* **Activity**
Print out each record below, unaltered and complete, without its images.

* **Records provided**
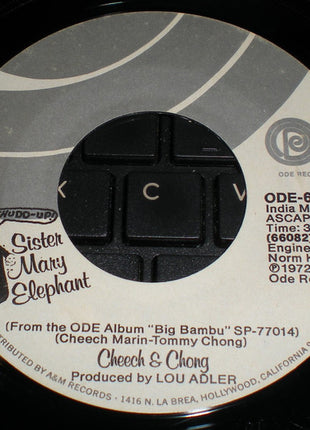 Cheech & Chong : Sister Mary Elephant (7", Single, Styrene, Pit)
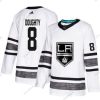 Kings #8 Drew Doughty Valkoinen Aito 2019 All-Star Ommeltu Jääkiekko Paita – Miesten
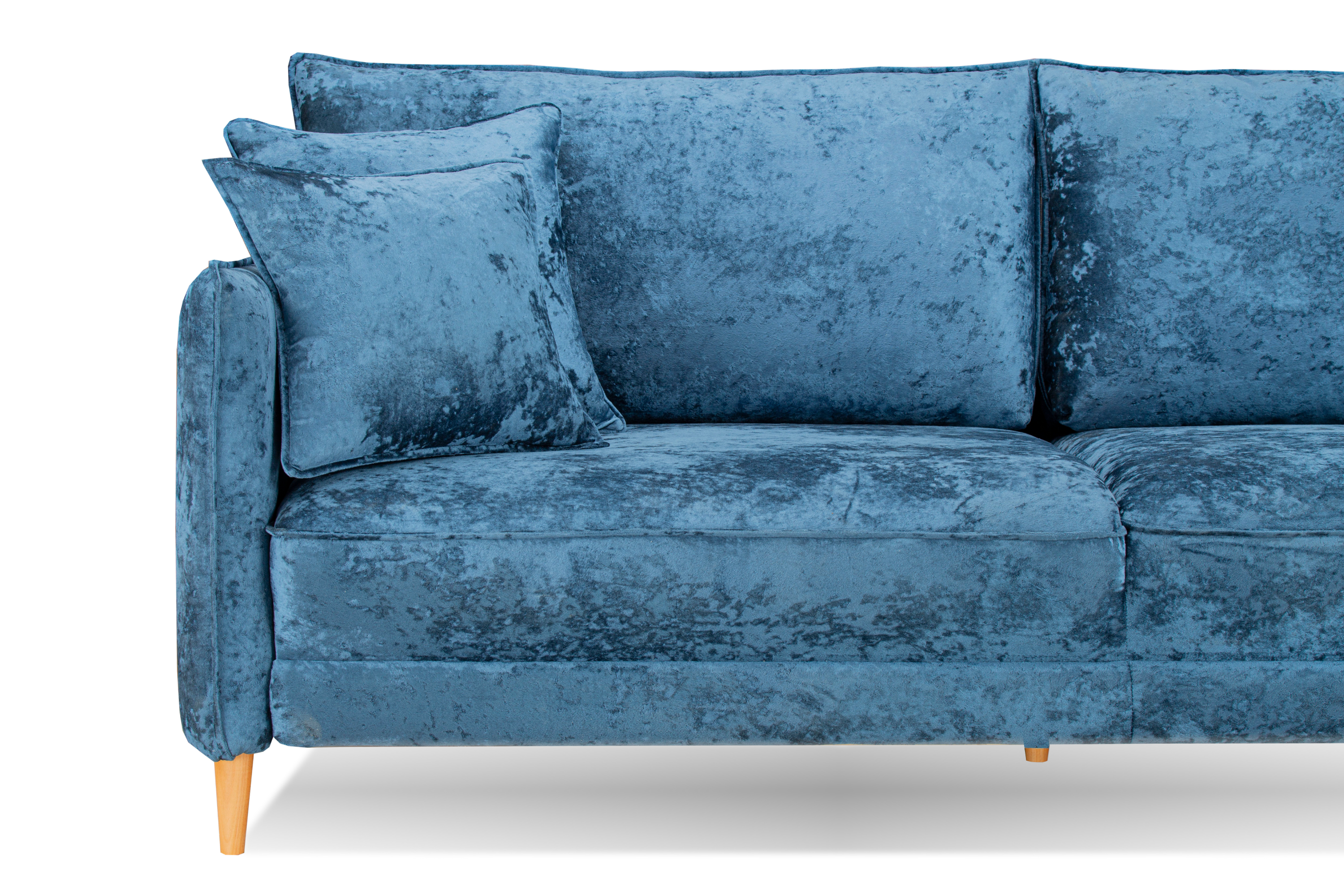Фото №2 Йорк Премиум диван-кровать плюш Мадейра блю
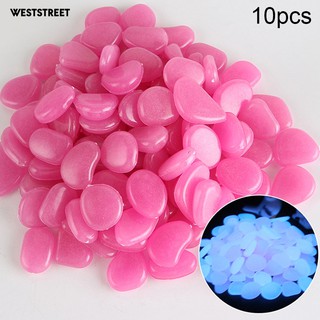 Bộ 10 Viên Đá Phát Quang Trang Trí Bể Cá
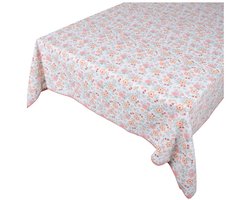 OttoSimon tafelkleed textiel roze 140x250 cm - decoratie tafel.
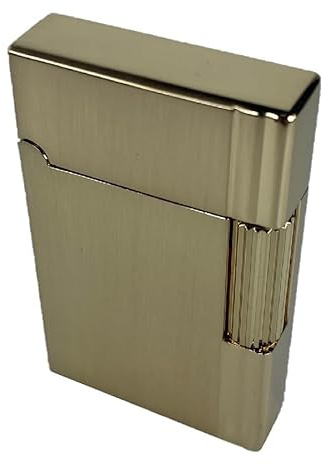 Edles Gas Feuerzeug Metall Soft Flamme Reibrad Stein Seitenrad Geschenk Box Etui Retro Feuerstein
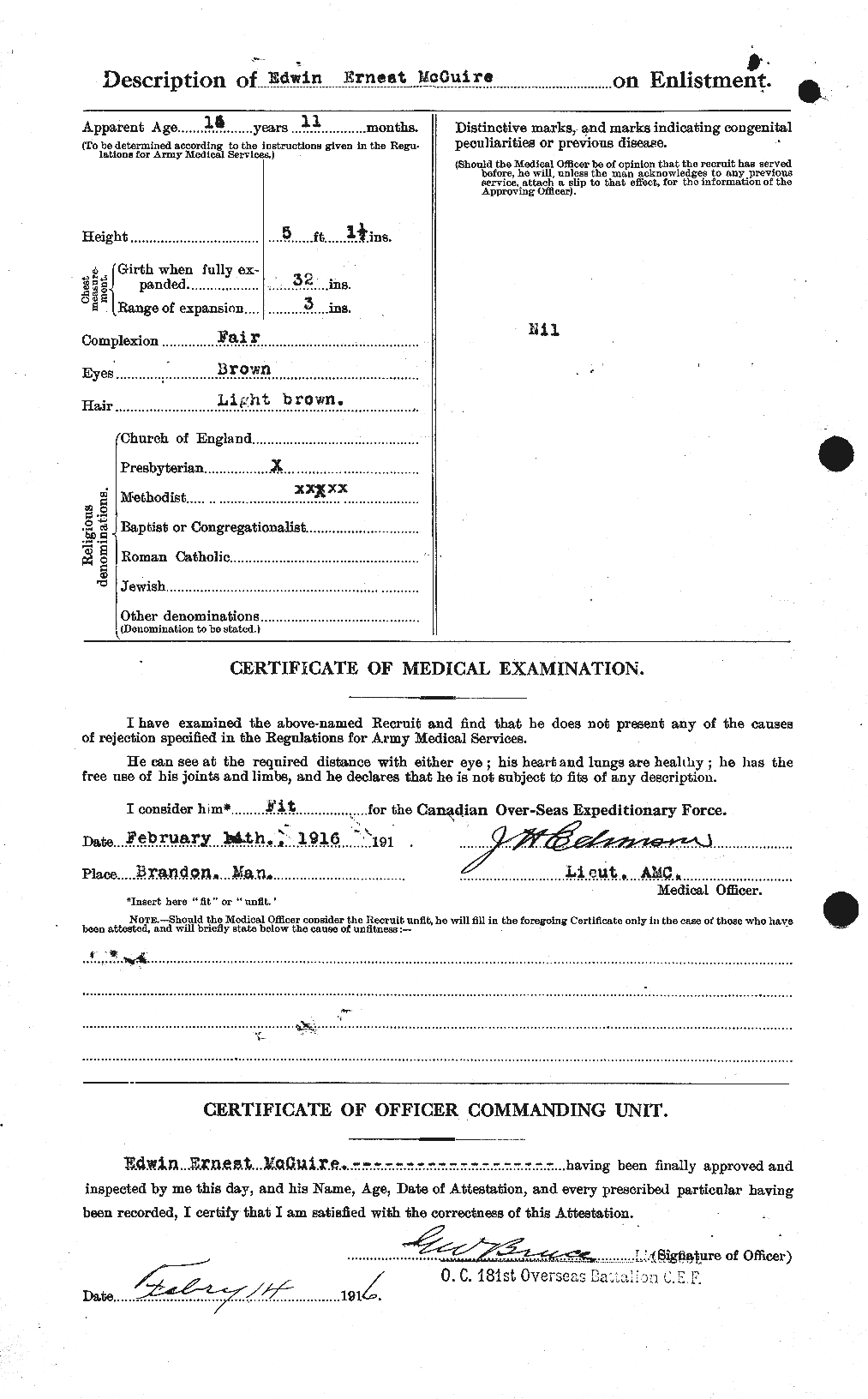 Personnel Records of the First World War - CEF 523307b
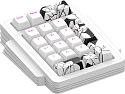 Клавиатура игровая проводная Дарк Проджект KD87A+Numpad DP-KD-87A-000102-GMS g3ms Moonstone (белая)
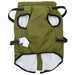 Haină câini cu ham impermeabilă reflectorizantă, verde kaki L48 - WALTI WALTI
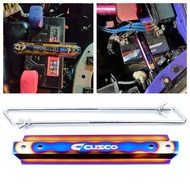 CUSCO Thai Roasted Blue Modified Bracket Car Universal Roasted Blue/Carbon Fiber Pattern Battery Bra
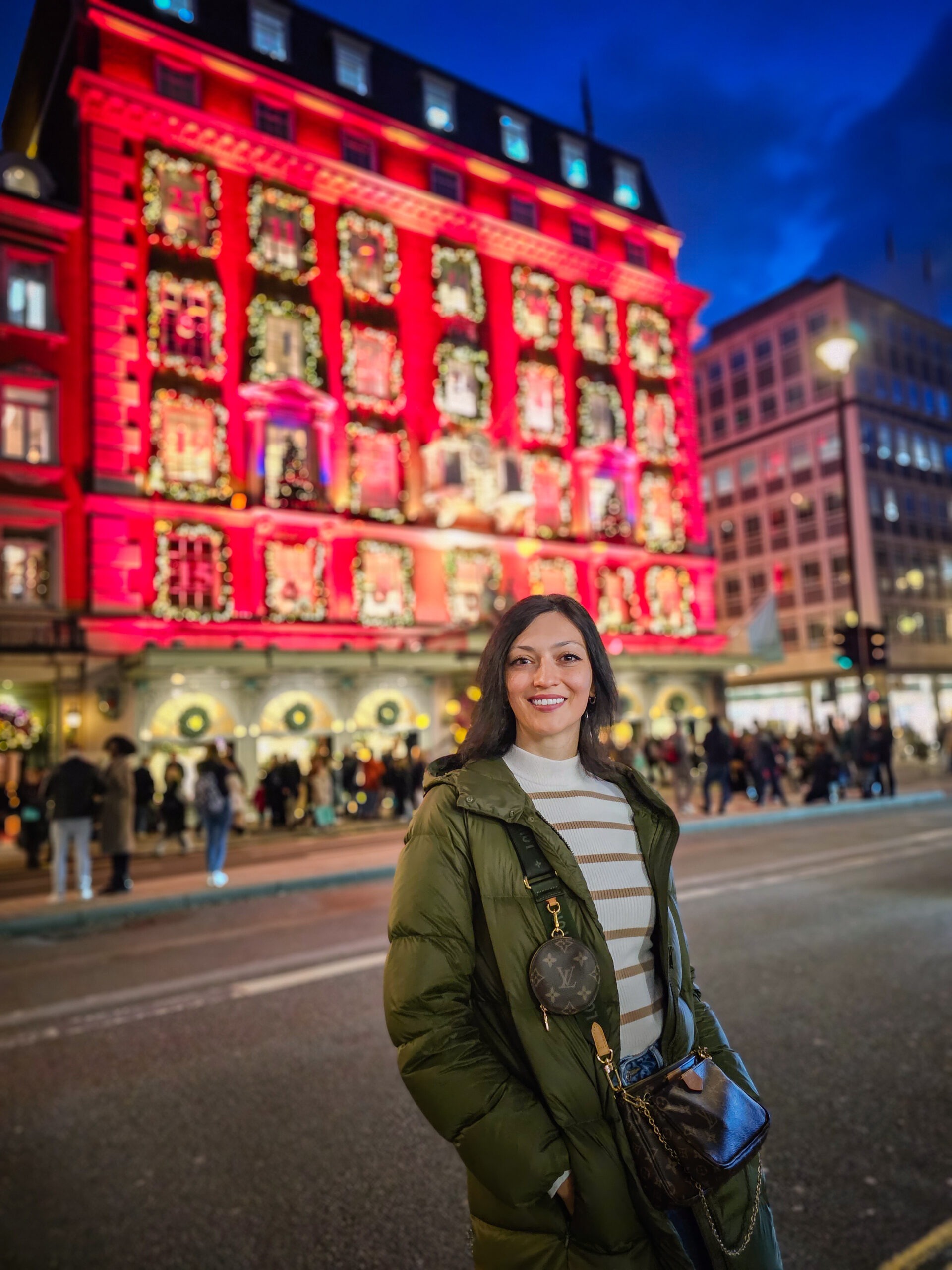 Christmas shopping in London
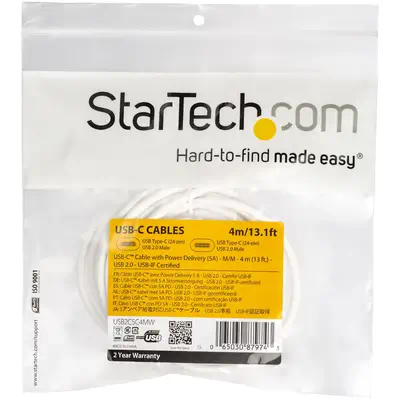 StarTech Cble de Charge Rapide USB-C de 4m, Charge et_3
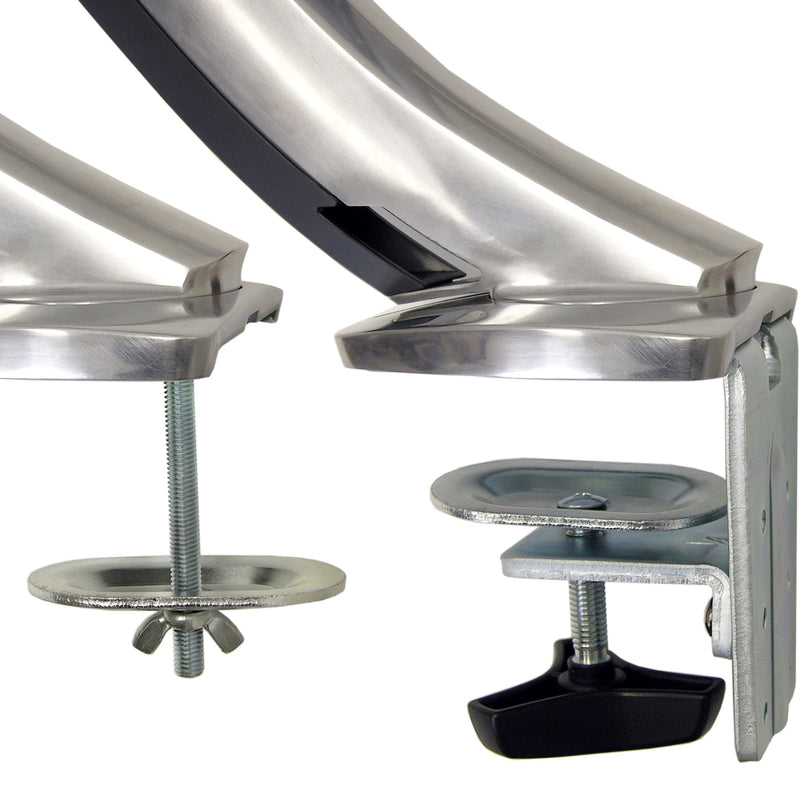 Ergotron MX Desk Heavy Monitor Mount Polished Aluminum 45-214-026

* **Solution for this task**
 Cheech & Chong : Sister Mary Elephant (7", Single, Styrene, Pit)
 Kings #8 Drew Doughty Valkoinen Aito 2019 All-Star Ommeltu Jääkiekko Paita – Miesten
Фото №2 Йорк Премиум диван-кровать плюш Мадейра блю
 Bộ 10 Viên Đá Phát Quang Trang Trí Bể Cá
 OttoSimon tafelkleed textiel roze 140x250 cm - decoratie tafel.
 Edles Gas Feuerzeug Metall Soft Flamme Reibrad Stein Seitenrad Geschenk Box Etui Retro Feuerstein
 Personnel Records of the First World War - CEF 523307b
 Клавиатура игровая проводная Дарк Проджект KD87A+Numpad DP-KD-87A-000102-GMS g3ms Moonstone (белая)
 Haină câini cu ham impermeabilă reflectorizantă, verde kaki L48 - WALTI WALTI
 CUSCO Thai Roasted Blue Modified Bracket Car Universal Roasted Blue/Carbon Fiber Pattern Battery Bra
 Christmas shopping in London
 StarTech Cble de Charge Rapide USB-C de 4m, Charge et_3
 Ergotron MX Desk Heavy Monitor Mount Polished Aluminum 45-214-026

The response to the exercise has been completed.